When I was asked by Dr. Peter Hacker to say something about the relations between Italy and Austria, I did not have a easy task before me. It would be easier to talk about areas where the two countries do not have any relations. I have been in Austria for only one year now. I worked previously in the Scandinavian countries and when I first came here, I could see that Italy was very near, and not only geographically speaking. I am always meeting colleagues and people - at museums, concert houses, - who speak Italian or understand Italian. Many of them confess that they have parents or grandparents from Italy.
Italo-Austrian relations have always been strong throughout history ever since Roman times. Before the Congress of Vienna and the first war world, those relations were rather complex and not always peaceful. But after the war, they began to grow, becoming stronger and stronger. The contrasts in the last century have their roots in the Austrian domination of northern Italy.

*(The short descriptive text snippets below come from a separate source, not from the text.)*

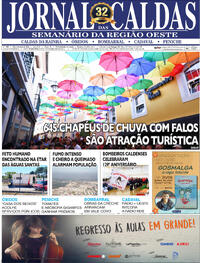 Jornal das Caldas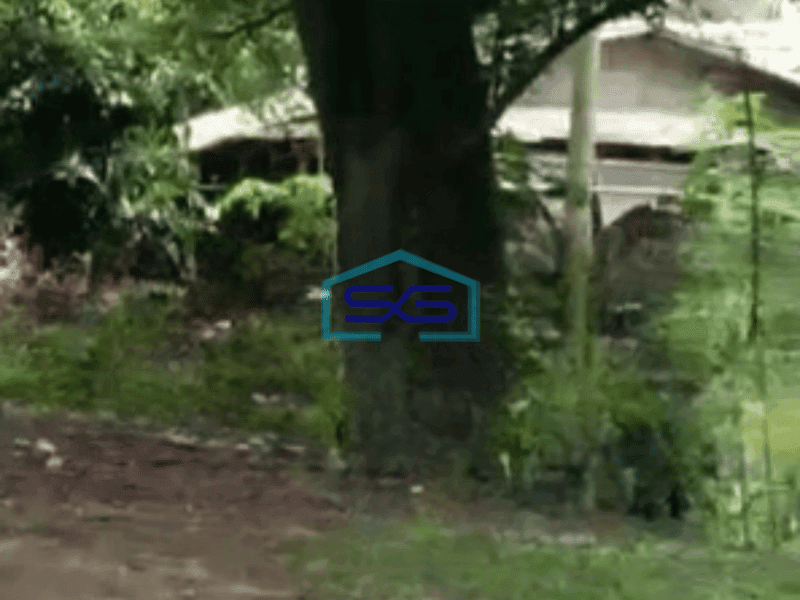 Dijual Tanah Bisa Akses Container 40 Feet Luas Tanah 170000 m² di Balaraja Tangerang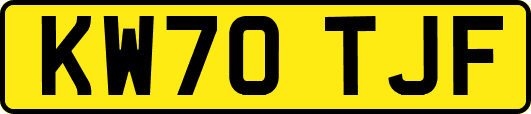 KW70TJF
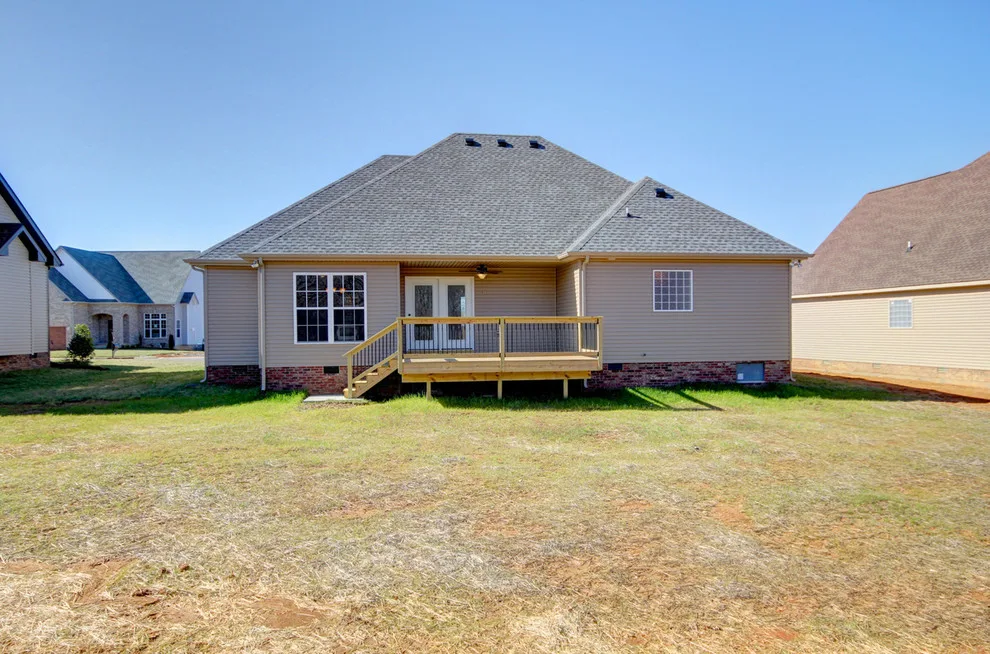 Meadows at Bentley 56 by BRM Homes LLC. - Photo 45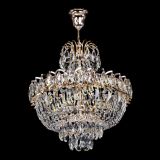 Люстра Астра 3 лампы с подвесом в Саратове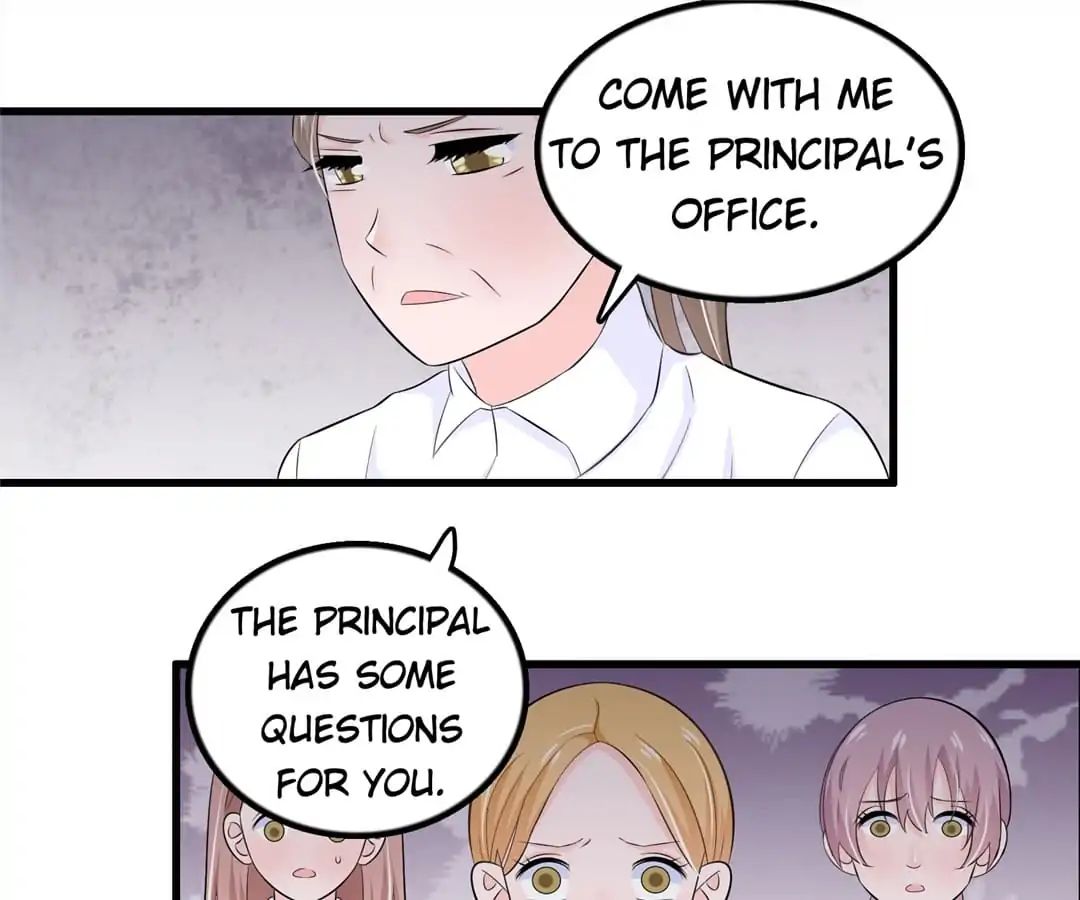 Read Delicate and Meek, Me? chapter 37 image 8 on Lezhin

A domination which was not welcome or popular but which left important and visible traces in many fields in Lombardy and the Veneto in public administration, postal services, canals and roads but also in literature, arts, music. Austrian artists worked in Italy for shorter or longer periods, and Italian artists were invited to Austria. This was not unusual because in previous centuries many Italian artists had been active at the Austrian court. Pietro Metastasio, the poet, worked there for fifty years, as did the composer Salieri, Vivaldi, Goldoni and many others. On the border, cities like Trieste, Udine and Trento had and still have peculiarities not typically Italian for their particular geographical position and the encounter of different peoples. In 1935, Italy and Austria signed their first agreement to promote cultural activities in both countries. And we still see the positive results of that cultural agreement every day. Unlike any other country in the world, Austria has not one but two cultural institutes in Italy. We also have two, one in Vienna and one in Innsbruck.
When I first came to Vienna one year ago, a major exhibition of works by the Italian architect, Borromini, was running at the Albertina Museum, which boasts the most extensive collection of drawings by Borromini. This year in May, we celebrated the three hundredth anniversary of the birth of the poet, Pietro Metastasio, who lived for fifty years at the court of Maria Theresia. In those fifty years, he never learned the German language. He did not have to because at that time Italian, as well as German and French, was spoken at the court in Vienna. One month later, in June, we celebrated the composer Antonio Salieri. He is famous mainly because of Mozart but Schubert and Haydn were also among his pupils. We also had two large exhibitions in Salzburg, one with the works of Carlo Carrà, and one, not yet concluded, displaying the works of Filippo De Pisis.
Next year we shall have something special on the programme. On 16 June, a marble monument by the Italian artist Gianni Aricò of the Venetian composer Antonio Vivaldi will be unveiled in Vienna. Vivaldi died in Vienna in 1741, one year after he had left Venice. Of course the cultural agreement involves much more than these high-profile events. We exchange scholarships and teachers at universities and in the high schools. From the beginning of the next school year, a bilingual school will open in Vienna where pupils from the primary school will attend classes taught in both Italian and German.